August 29, 2015
One of the first sights greeting me as I arrived in downtown Madurai on a recent steamy summer day was the image of some 450 beautifully sari’d women carrying elaborately decorated flower pots on their heads, marching through the streets to decry alcoholism and to call out government and politicians for their ownership of the city’s ubiquitous “alcohol shops.”
There are more “alcohol shops,” or liquor stores, than schools in this part of town, the women told me. The shops are also located near the schools, where even 13-year-olds can buy hard liquor. The widespread alcohol abuse, the women claim, is fueling the rampant domestic violence in their impoverished community and the “income leakage” in their households – that is, the deleterious frittering away of a daily laborer’s hard-earned income.
I was struck by the women’s boldness in taking on the power elite by shaming them for their ongoing financial interest in a market that only harms people, but I shouldn’t have been surprised: this “De-Addiction Procession” was part of a campaign that cuts to the heart of the women’s own work — that is, the healthful, forward-looking management and upkeep of their families. The deflection of their husbands’ meager salaries to sustain the men’s seemingly soothing addiction translates directly for these women into their inability to purchase and prepare nutritious foods, pay their children’s school fees, repair the leaky roof and keep the sewage from seeping through the floor.
The protest was organized by the Sellur Vattara Kalanjiam, a federation of Self-Help Groups established within many poor neighborhoods, in partnership with WomenStrong International Consortium member Dhan Foundation, a veteran development organization founded on Gandhian principles of justice and satyagraha, or leadership, and relying on the integrity and social capital within communities to chart their own deliberate paths toward self-empowerment. Dhan has been working with under-resourced urban and rural populations both in the Madurai region and all over India these last 30 years, partnering with local and national government whenever doing so holds promise for improving the lives of India’s poor. Through savings programs that enable the largely women-led “Self-Help Groups” to afford healthful meals, safe dwellings and access to recent goods and services, families gradually are able to pay for health insurance, life insurance and incremental housing upgrades.

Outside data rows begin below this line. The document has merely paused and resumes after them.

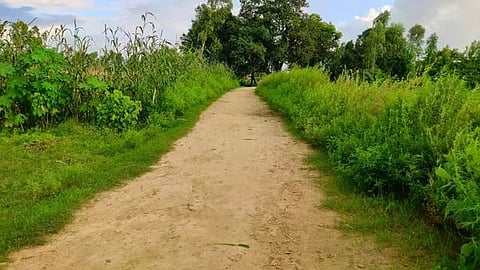 Panand Roads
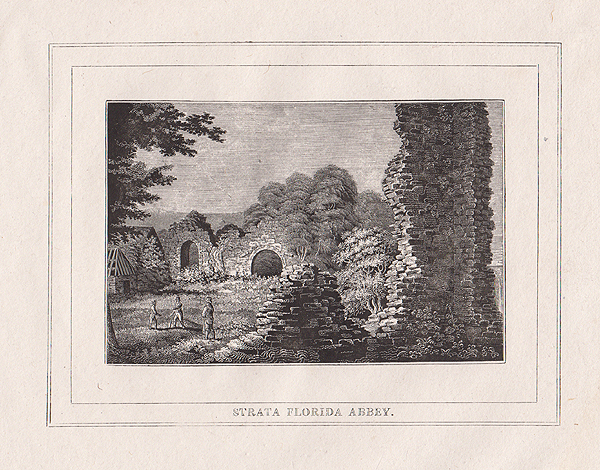 Strata Florida Abbey
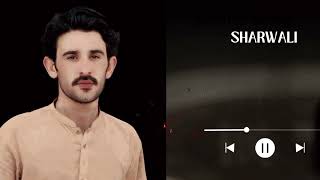 LAILA MERI LAILA  PASHTO SONG  X REVERBpashto​ pashtosong​ pakistan​ pakistanisong​  pashto [upl. by Akital]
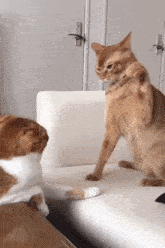 GIF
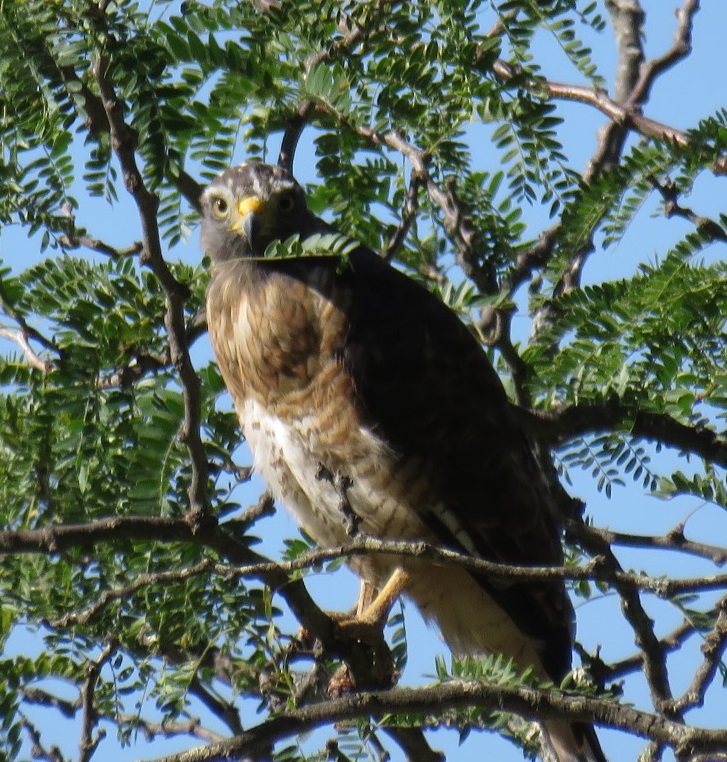 Foto Taguató Común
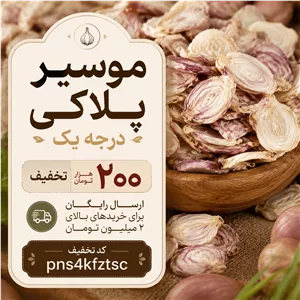 موسیر پلاکی (۱۰کیلویی)ارسال رایگان و تخفیف ۲۰۰هزارتومانی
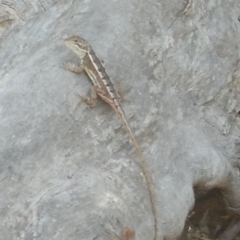 Diporiphora nobbi at Uriarra Village, ACT - 31 Dec 2015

Although the egregious abuse experienced by the women and their families was a key reason for the women’s anti-addiction march, when we met together with Self-Help Group members and Dhan staffers in workshops during the days to follow, the women initially shied away from identifying “ending domestic violence” as a top priority. We wondered why – was their reticence due to deeply rooted cultural norms or taboos? Had we trespassed beyond what was appropriate for outsiders to question? After all, the women, and Dhan’s male staff members, as well, all agreed that the current “epidemic” of alcoholism is a serious obstacle to development in these communities.
Little by little, I came to understand that I had missed the point. I had underestimated both the genius of these women’s advocacy and Dhan Foundation’s practiced ability to magnify the power of their voices.
The things these women had planned to finance with the income now lost to liquor are all highly practical, reasonable short-term goals, readily achievable, with the modest means afforded them by their husbands’ wages; presumably, these were things the men, too, would want for their children. The women know well that it is far easier, in their intra-familial negotiations, to start from common ground – what every family would naturally aspire to – rather than to come on strong about the dangers and costs of addiction, which might be perceived as criticizing a male provider’s private indulgences, weakness of character or failure to take care of his family. The same thinking informs the women’s going after government and local politicians on this point: it might be more effective to hit them only on their insistence on continuing to own and control the revenues of the alcohol shops, rather than on their failure to deliver safe or navigable streets, safe water, safe toilets and sanitation, decent schools and health facilities and even the most modest green or public space – all the things, in other words, that the public sector is charged to deliver.
By the end of the week’s workshops, after numerous small group discussions, participants listed “women’s awareness of their legal rights” and “families’ awareness of the girls’ and boys’ rights to an education” as among their primary achievable short-term priorities. Perhaps the language and thrust of the workshops had led them to speak in such comparatively abstract terms; in any case, it became clear in the course of our work together that we all shared the same goals, premised on the same underlying values. Yet their strategy, and activism, was already far more focused: one step at a time, in the Gandhian practice, where, as this master of conscience and constructive humanitarian action once wrote, “the mode of fight and the choice of tactics… are determined according to the exigencies of the situation.”
Often when rights-based development initiatives come from afar, professing to know what is needed on the ground, they run into brick walls as they intone about justice and equal rights. The women of Sellur Vattara Kalanjiam and the Dhan Foundation know far better how, step by step, to achieve their desired objectives: in this case, as a start, attaining a significant reduction in domestic violence and increase in available household income to benefit families — all critical components of a robust rights-based agenda. These women of the slums of Madurai and their partners know what is needed, and, often, how best to get there. Our job, at WSI and other partner organizations, is to help them to do so, providing technical and financial assistance along the way, sharing their stories broadly and, most importantly, learning from their brilliant example in ways that can benefit other, similarly bold women in similar settings worldwide.